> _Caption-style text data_
──────────

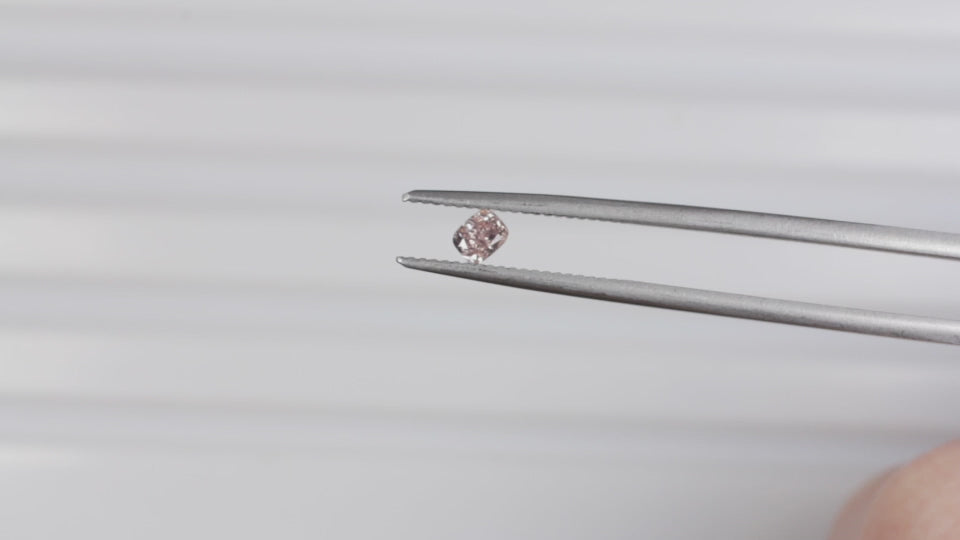 0.22ct GIA CERTIFIED DIAMOND NATURAL CUSHION FANCY BROWNISH ORANGY PINK LOOSE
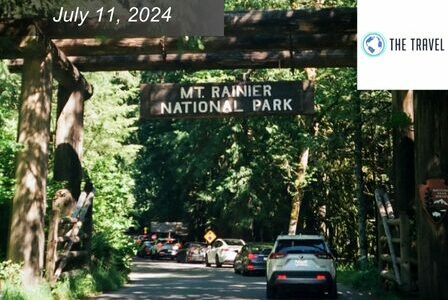 National Park entrance to Mt Rainier National Park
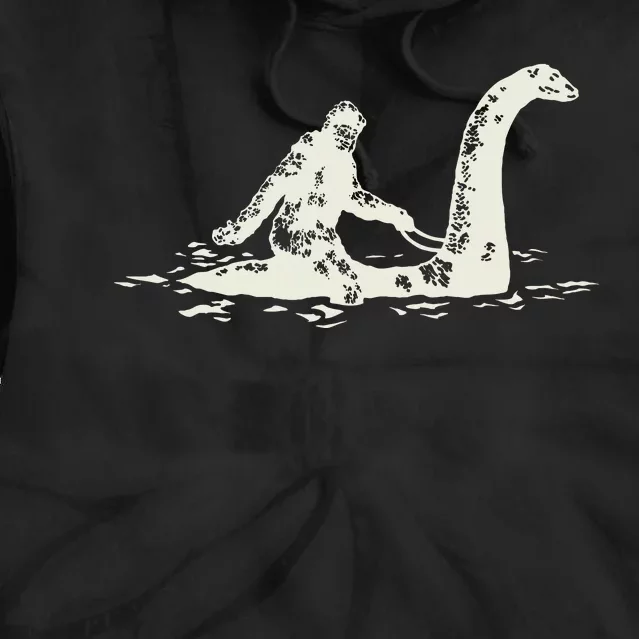 Bigfoot Sasquatch Riding The Loch Ness Monster Tie Dye Hoodie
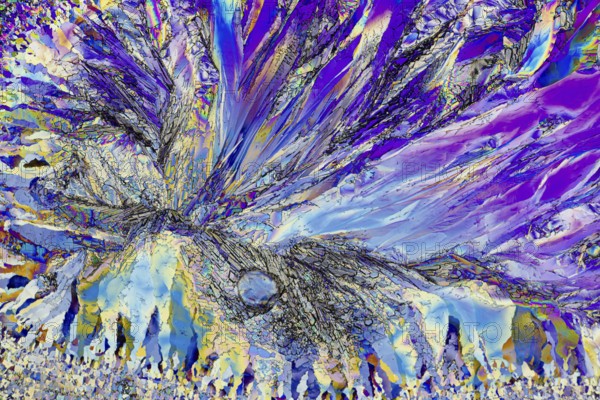 This striking image captures the vibrant and intricate patterns of microcrystals under a microscope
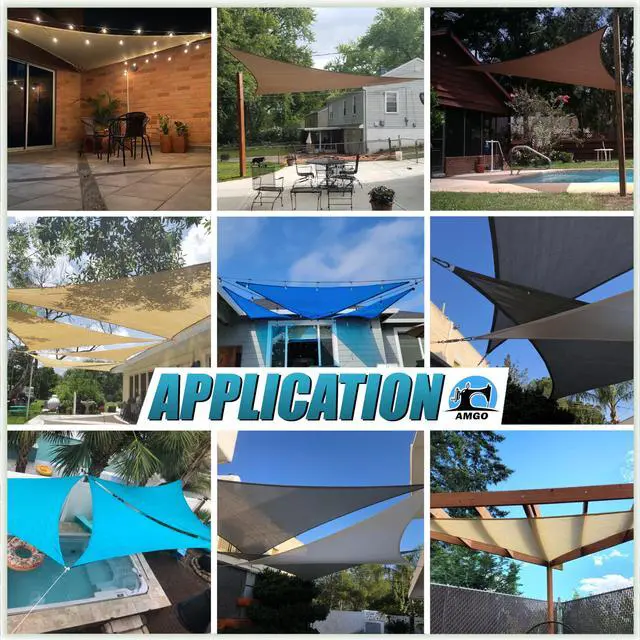 Alt view image 4 of 7 - Amgo 22' x 22' x 22' Beige Triangle Sun Shade Sail Outdoor Canopy Awning, UPF50+ AGTAPT22, 95% UV Blockage, Water & Air Permeable, Commercial Standard Heavy Duty (We Make Custom Size)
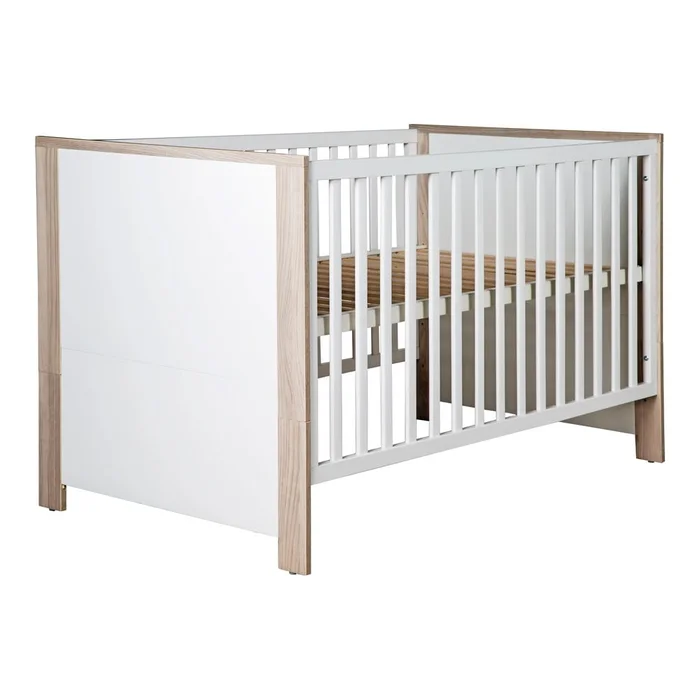 Dětská postýlka Olaf 70x140 cm bílá s přírodním akcentem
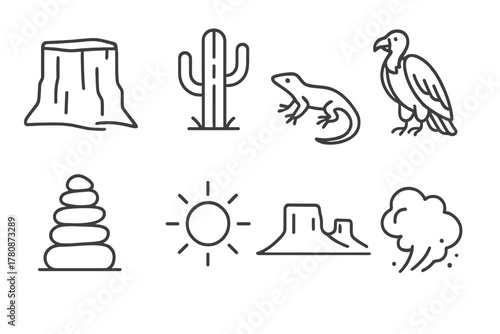 Desert Plateau Icons. Line style icons of Desert Plateau: Sandstone Cliff, Cactus, Lizard, Vulture, Rock Cairn, Distant Mesa, Sun,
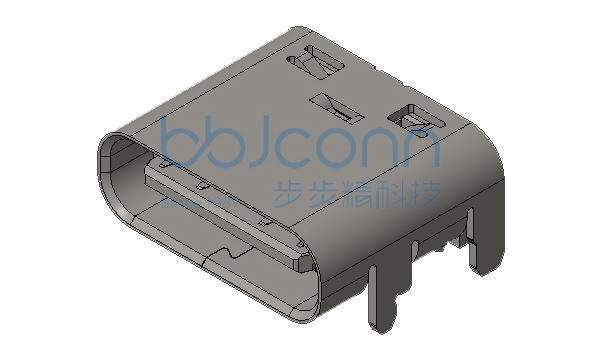 TYPE-C 16PIN 母座 L=7.35 CH=1.67 板上一体式 铜合金端子SMT (5A) LCP橙胶(色号172C)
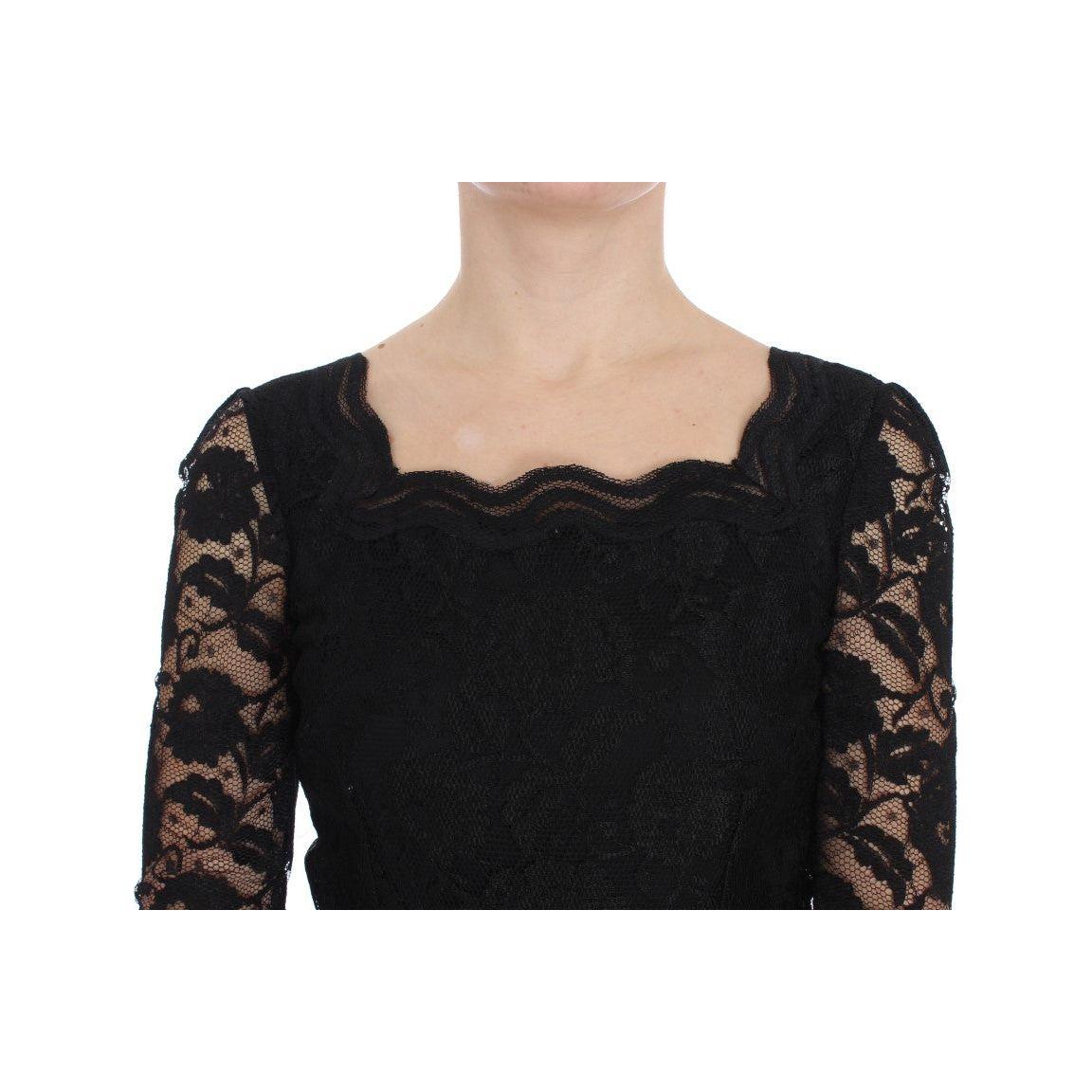 Dolce & Gabbana Black Floral Lace Long Ball Maxi Dress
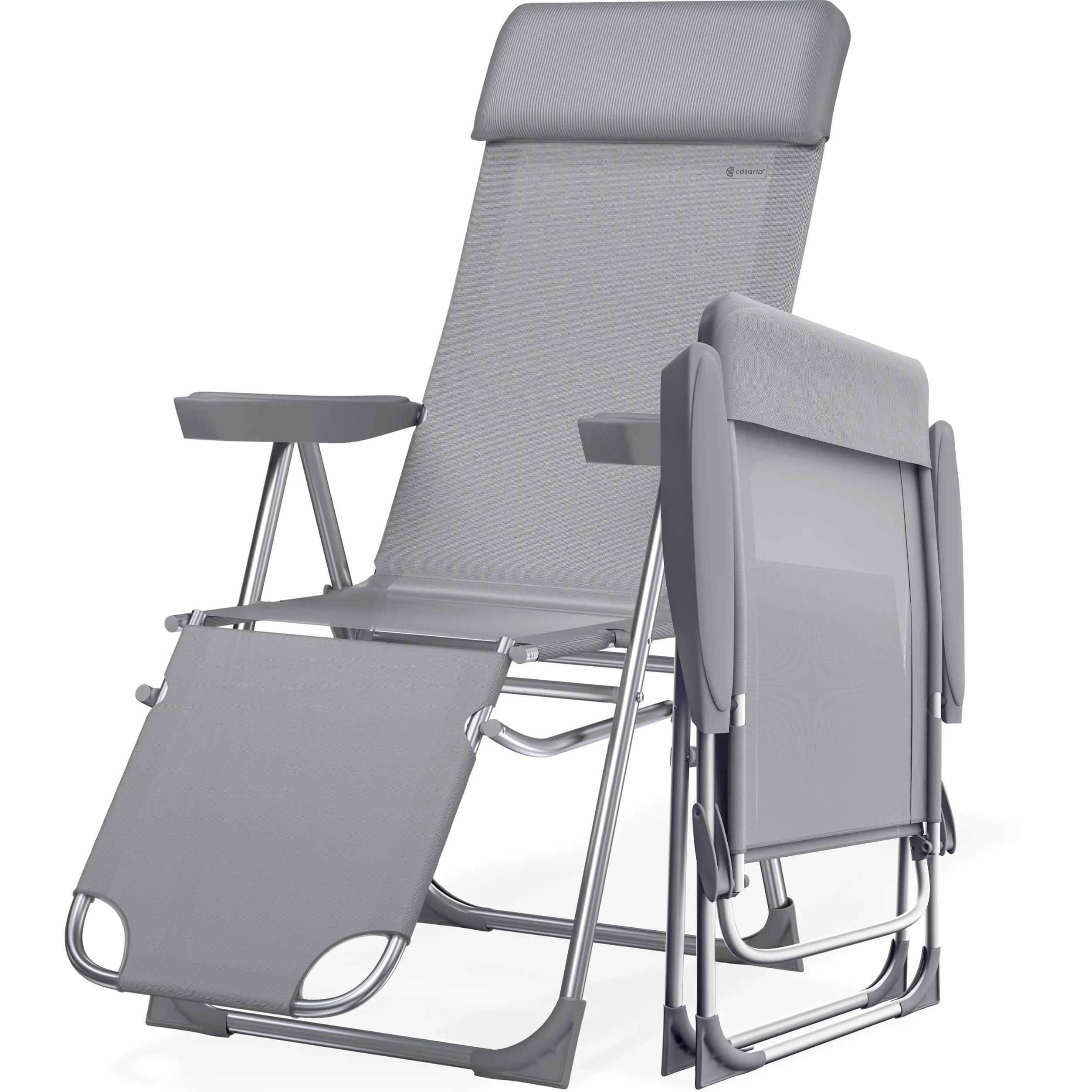 CASARIA® Sillas Gravedad Cero Plegables Set de 2 Reclinables Respaldo Alto Ajustable en 6 Posiciones Estructura Aluminio Exterior Jardín Balcón Playa Gris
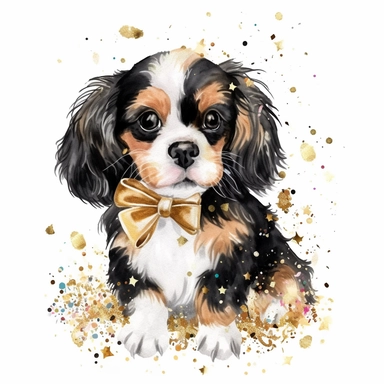 create a beautiful original high quality highly detailed watercolor clipart image of a small and adorable king charles cavalier puppy smiling wearing a tuxedo with the puppys head sticking out of the middle of a beautiful confetti explosion made out of gold and silver confetti, include high detail to the puppys fur, include pastel colors, white background, no text, no font, no words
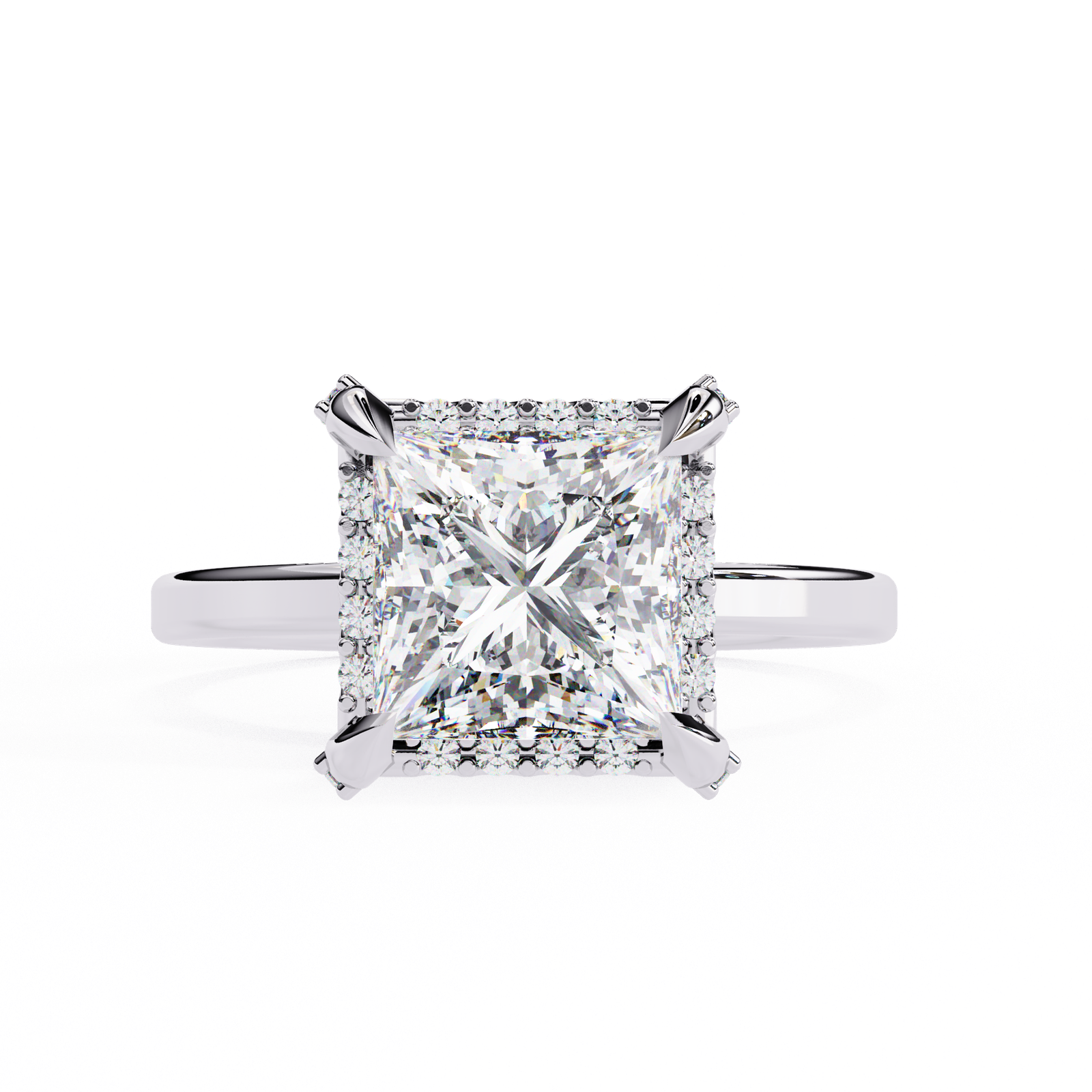 Princess-Cut Solitaire Diamond Ring in Prong Setting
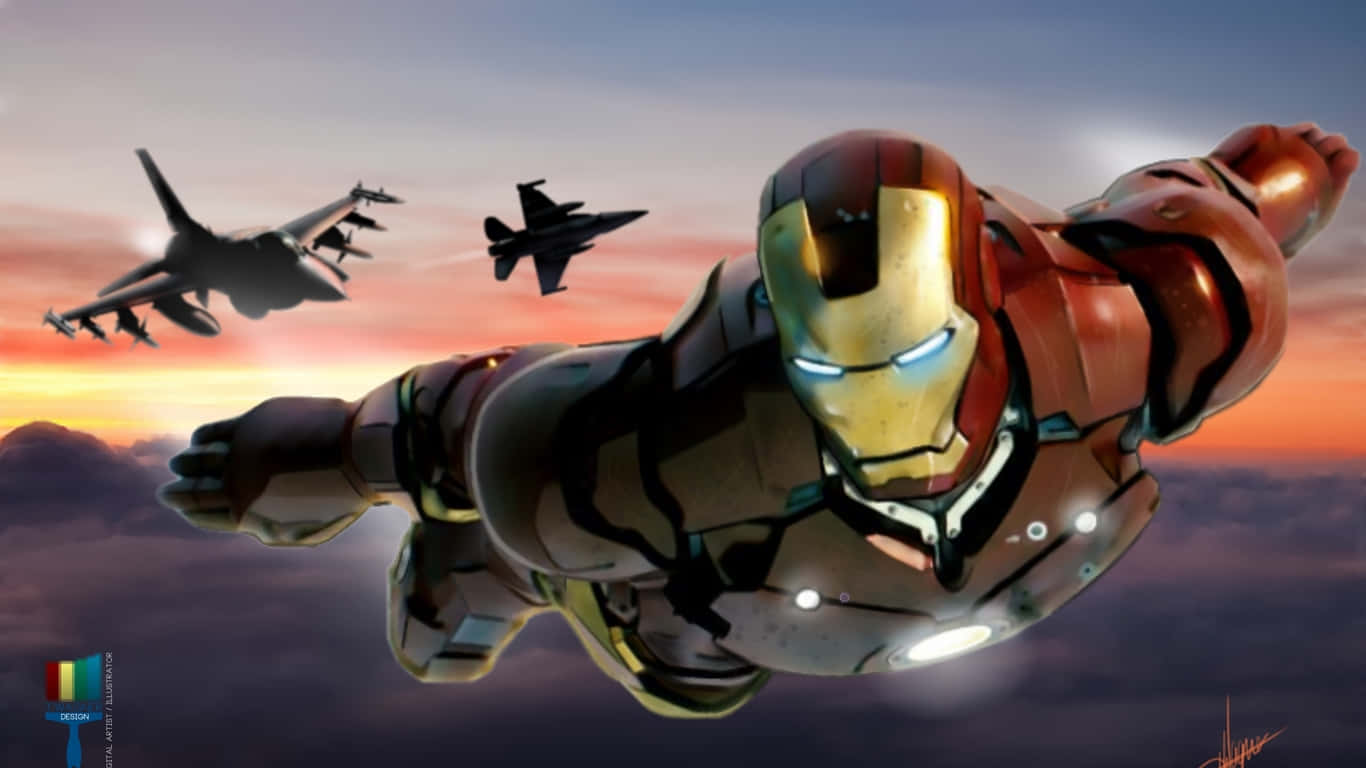 1366x768 Mandhari ya Jumbo Jets na Iron Man Picha ya Ukuta
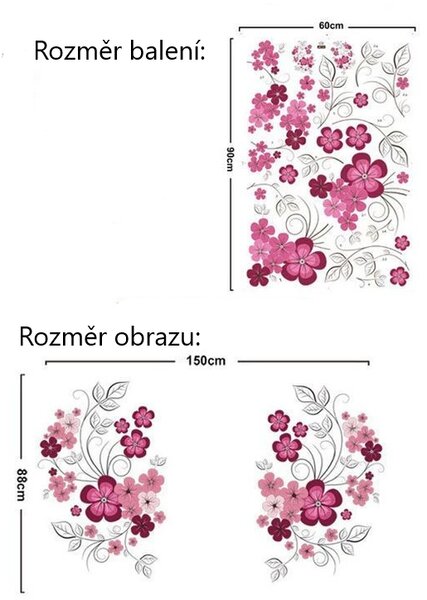 Živá Zeď Samolepka Růžové květy
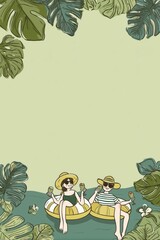Fototapeta premium Two women are relaxing in yellow floaties with drinks in hand, set against a soft green background adorned with tropical leaves.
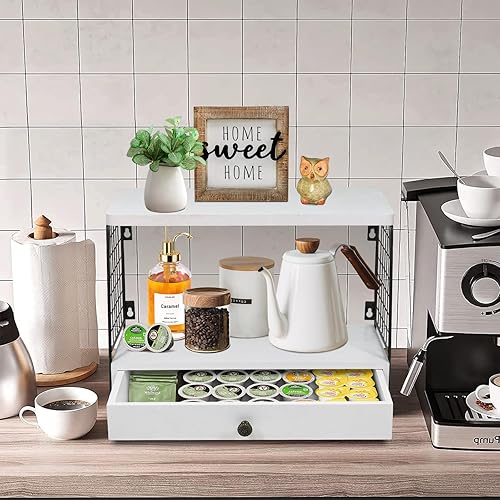 Miniatura 6 de Mesita de noche flotante para mesita de noche, estantes flotantes de metal de madera para dormitorio, estante de pared de baño con cajón, estante de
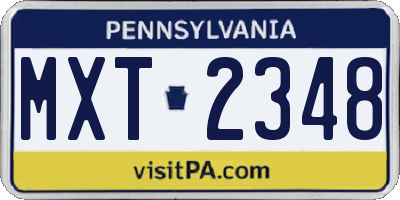 PA license plate MXT2348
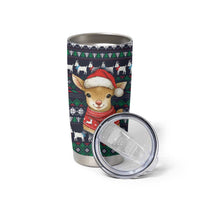 Cute Reindeer in Santa Hat Tumbler Cup with Red Green Snowflake Knit Pattern Design - Wonder Print Shop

──────────

> _Exercise objective_
From the first line to the last, set down the records word for word and drop the images.

> _Answer for this exercise_
 0.22ct GIA CERTIFIED DIAMOND NATURAL CUSHION FANCY BROWNISH ORANGY PINK LOOSE
 National Park entrance to Mt Rainier National Park
 Bigfoot Sasquatch Riding The Loch Ness Monster Tie Dye Hoodie
 This striking image captures the vibrant and intricate patterns of microcrystals under a microscope
 Alt view image 4 of 7 - Amgo 22' x 22' x 22' Beige Triangle Sun Shade Sail Outdoor Canopy Awning, UPF50+ AGTAPT22, 95% UV Blockage, Water & Air Permeable, Commercial Standard Heavy Duty (We Make Custom Size)
 Dětská postýlka Olaf 70x140 cm bílá s přírodním akcentem
 Desert Plateau Icons. Line style icons of Desert Plateau: Sandstone Cliff, Cactus, Lizard, Vulture, Rock Cairn, Distant Mesa, Sun,
 TYPE-C 16PIN 母座 L=7.35 CH=1.67 板上一体式 铜合金端子SMT (5A) LCP橙胶(色号172C)
 Dolce & Gabbana Black Floral Lace Long Ball Maxi Dress
 CASARIA® Sillas Gravedad Cero Plegables Set de 2 Reclinables Respaldo Alto Ajustable en 6 Posiciones Estructura Aluminio Exterior Jardín Balcón Playa Gris
 create a beautiful original high quality highly detailed watercolor clipart image of a small and adorable king charles cavalier puppy smiling wearing a tuxedo with the puppys head sticking out of the middle of a beautiful confetti explosion made out of gold and silver confetti, include high detail to the puppys fur, include pastel colors, white background, no text, no font, no words
 Princess-Cut Solitaire Diamond Ring in Prong Setting
 1366x768 Mandhari ya Jumbo Jets na Iron Man Picha ya Ukuta
 Živá Zeď Samolepka Růžové květy
Fototapeta premium Two women are relaxing in yellow floaties with drinks in hand, set against a soft green background adorned with tropical leaves.
 Miniatura 6 de Mesita de noche flotante para mesita de noche, estantes flotantes de metal de madera para dormitorio, estante de pared de baño con cajón, estante de
 PA license plate MXT2348
 Cute Reindeer in Santa Hat Tumbler Cup with Red Green Snowflake Knit Pattern Design - Wonder Print Shop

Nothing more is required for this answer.